A philosophical concept that I often misinterpret is Socrates’ cycle of opposites. In my mind, this refers to the idea that life consists of infinite binaries that cannot exist without the presence of the other. I use this to reason the existence of bad things or experiences by telling myself that without the bad, good cannot persist.
According to the internet, Socrates’ Argument Of Opposites posits that everything that comes to be, comes to be from its opposite. The simplest way of explaining it is: fire is characterised by heat, and heat is by definition, the opposite of cold; yet fire does not materialise from nothing. It emerges from heat which at one time or another was or will be cold.
I suppose my own definition isn’t too far removed from what Socrates was philosophising. The part that confuses me is the crux of Socrates’ argument – something about souls being imperishable and forms being eternal and unchanging; but that part doesn’t really relate to the truth of this newsletter, which is fundamentally about the inextricable relationship between hot and cold.
If I were to philosophise over something it would be that hot and cold is the most elemental and truthful binary that exists in our lives – and the existence of both is instrumental for us to survive amongst one another.
And then there is the hot and cold of intimacy. Elasticated desire. The heat of passion that intensifies and makes us excited to be living breathing moving bodies.
I used to believe this was the key ingredient of love: a sense of drama, an obstacle standing in the way (of what? Reality? Mundanity? Normalcy?), the seeming high stakes of something built on sex. These were things I chased and chased until eventually I tired myself out.
What happens after the heat reaches its peak? I once asked a former flame this and he couldn’t answer because we both knew that we could never sustain this feverish impulse. The flame may grow and flicker and burn wildly but eventually it must be put out, return to darkness and go cold.
To oscillate like that is not to be in love.
In writing this, I’m poking holes in my own theory. Mine suggests you cannot have one without the other. It presents hot and cold as absolute opposites (as well as suggesting that the existence of these opposites allows each of them to exist in a silo). And while I won’t cosplay intelligence and pretend to understand Socrates’ whole Phaedo spiel, I can see that his definition offers a more nuanced way of looking at our experiences. That we must hold both ideals at the same time. It’s more than just balancing the opposites, but allowing them to exist simultaneously, constantly.
In interrogating this idea, I’ve realised how much I rely on binaries to explain away the complications of life. In my mind, things either are or they are not. I am either enraptured or I’m uninterested; ravenously empty or sick with fullness; craving community or in need of solitude.

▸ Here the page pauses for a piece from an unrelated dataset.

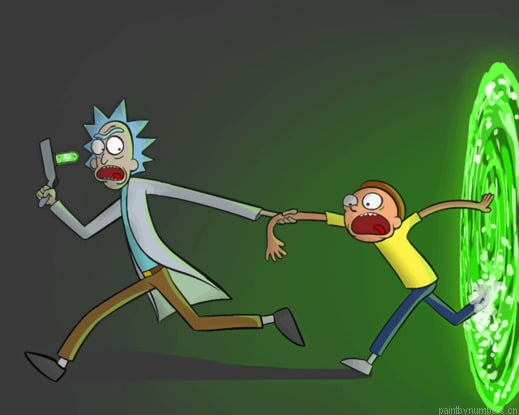 Rick And Morty Portal Cartoons Painting By Numberss.png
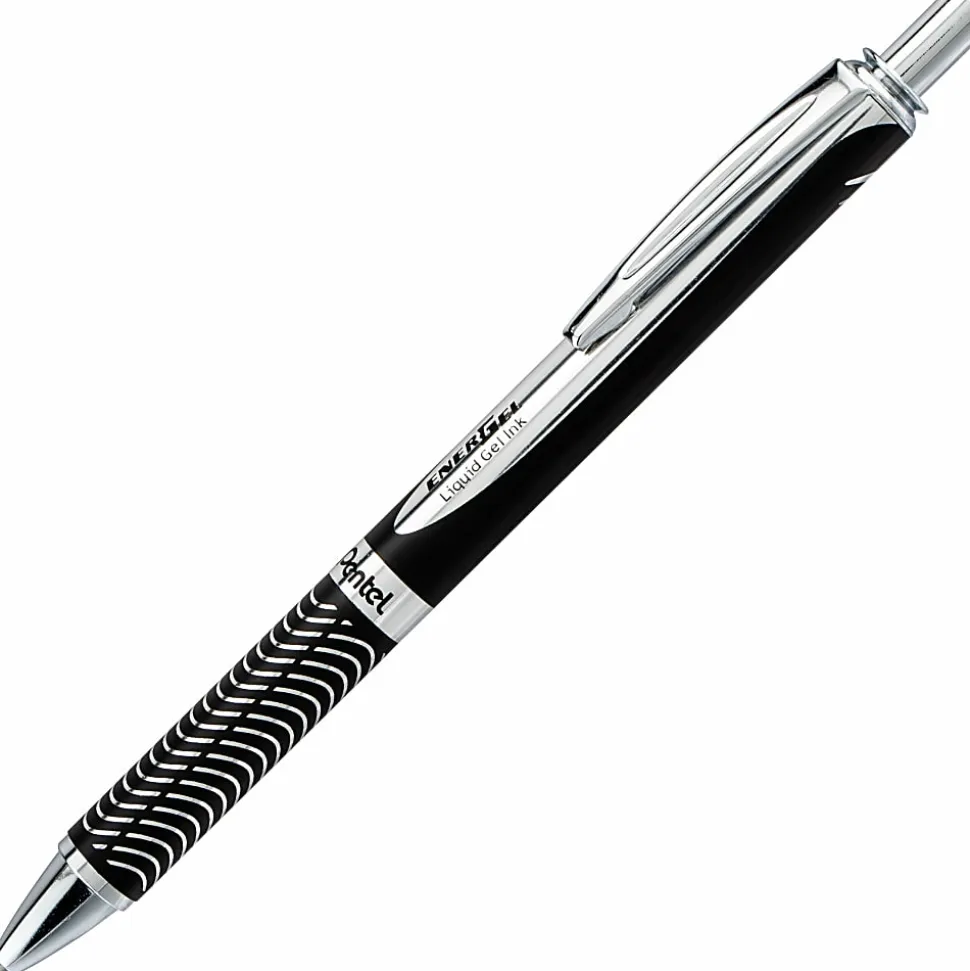 Pentel® EnerGel Alloy Retractable Gel Pen, Medium Point, 0.7 mm, Black Barrel, Black Ink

I think of the Guinness soda bread ice cream, cold custard and piping hot deep fried bread and butter pudding at Cafe Cecilia. The similarly constructed wispy clouds of green tea soft serve that melts into Hong Kong style French toast at Shack Fuyu. The shards of ice I pour into a warm soy sauce brine for my favourite kind of chicken to bathe in. Lying in a bath or sitting in a sauna and reaching for impossibly cold water that feels like a lifeline as it drips down your throat and seeps into your brain so intensely that you can hear it pulse in your ears.
In eating and in cooking, I can hold hot and cold simultaneously in my hands. I have a taste for both. These aren’t binaries or opposites but instead simply elements that must coexist in order to create something good or pleasing or intriguing.
On my left forearm there is a burn, about an inch wide. I was pulling a pan out of the oven and for a brief moment, my arm touched the top of the oven. That was a heat that seared my skin and left a mark that will eventually fade, but not disappear.
I suppose what I’m learning is that it’s not always about balancing out hot with cold; but instead constantly towing the line between both, and realising that together they can offer up something that is just right.